See that wasn’t so hard. And you not only have a delicious treat for now, but for several occasions to come. My portions come out to twelve, but I make them different sizes. Sometimes it is just me and my baby eating it and sometimes we have a houseful, so I find multiple sizes helps.
I tried to pare the recipe down, and in theory you can, but our store only sells chicken livers in one pound containers so for me it is just easier to make the batch and freeze what doesn’t get eaten right away.
Plus, I like having something I can pull out of the freezer for surprise company (not that we’ve had company in the past year, but you know, usually). Our location means we get a lot of friends and family passing through. Sometimes we only have a few hours notice before a drop by visit occurs so i like to be prepared.
This can be served with crackers or bread depending on your preference. I find adding a really nice sharp cheddar works really well as a paired offering.
As for drinks, I usually choose a white wine to go with it. Today, however we are going non-alcoholic.
I know, strange for a happy hour. However both my baby doll and I got our Vaccines this week and have been feeling a little off. It seemed like a good week to give the booze a pass. You know, just in case.

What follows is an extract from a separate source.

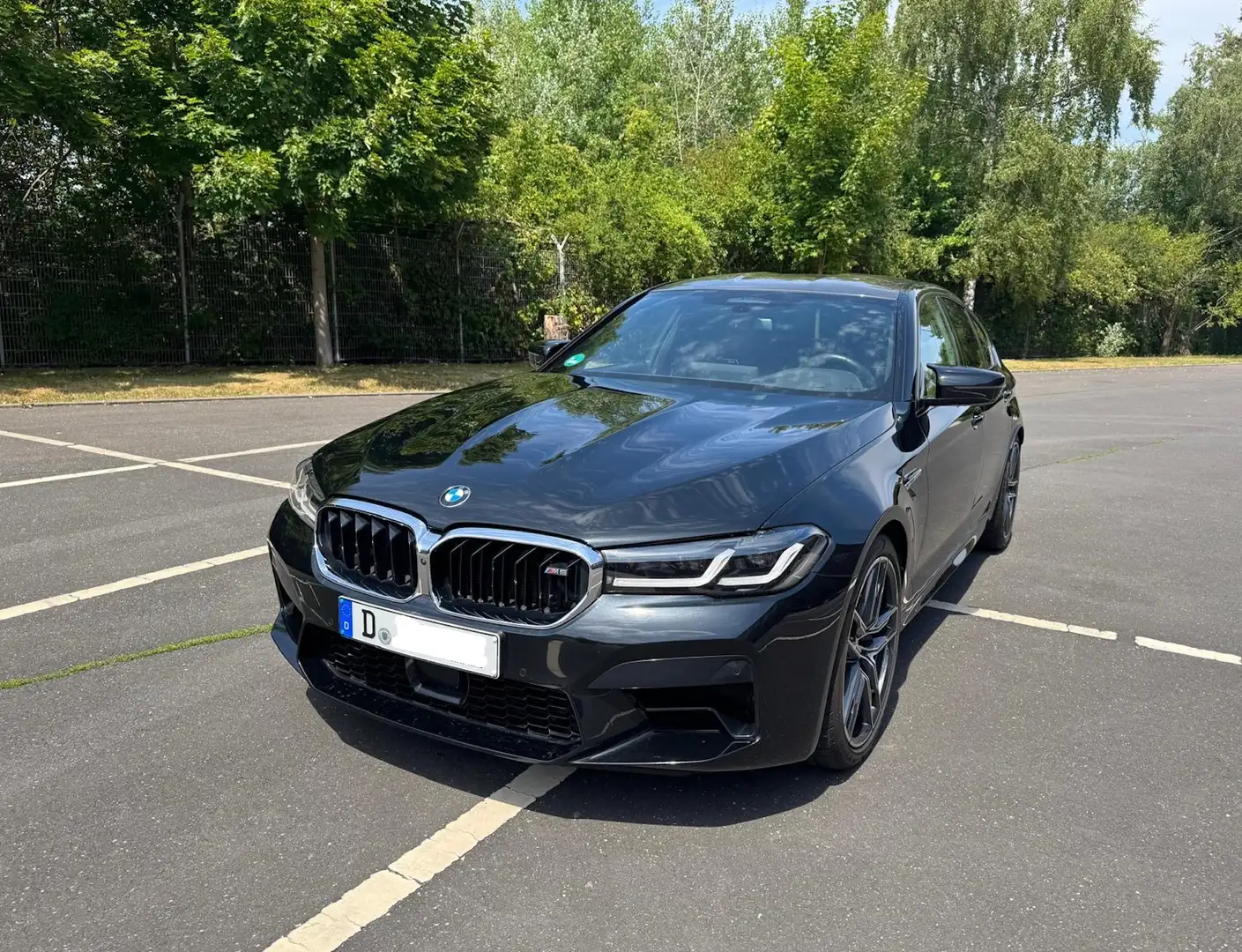 BMW M5 Keramik MDrivers CarbonDach Sportabgas MwSt.Ausw Nero - 2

So instead we are using seltzer water, complements of my lovely Soda Stream and adding a little bit of grenadine to make a sweet cherry fizz. It is light and fruity and oddly enough the sweetness pairs well with the sweetness of the cognac. Personally, I like something light and fruity with the deep richness of the chicken liver mousse.
The two actually complement each other. If you were looking for something equally light to pair with it that had alcohol in it, you could add a shot of vodka to this (lemon infused vodka would actually be quite nice actually, the lemon adding a note of sharpness to go with the sweet and lemon would pair very well, or at least cut through the fatty richness of the mousse).
If looking for something pre-prepared, you might try a White Claw or some other hard seltzer to go with it. It also goes very well with a Chardonnay that leans towards citrus notes.
Whether alcoholic or not, you are going to want to look for a light beverage with either sweet or sharp notes to pair with the fatty rich flavor of the chicken liver mousse. And while I adore red wine, this is one of those foods that just leans towards the crispness of white wines. It may be liver, but it is still poultry if that helps you when you are making your selection. Sometimes the classic associations are there for a reason.
Personally tonight i am going to enjoy my light cherry flavored fizz with my chicken liver mousse spread on rounds of fresh baguette. And I think even without the alcohol, my baby and I are going to have a very happy, happy hour.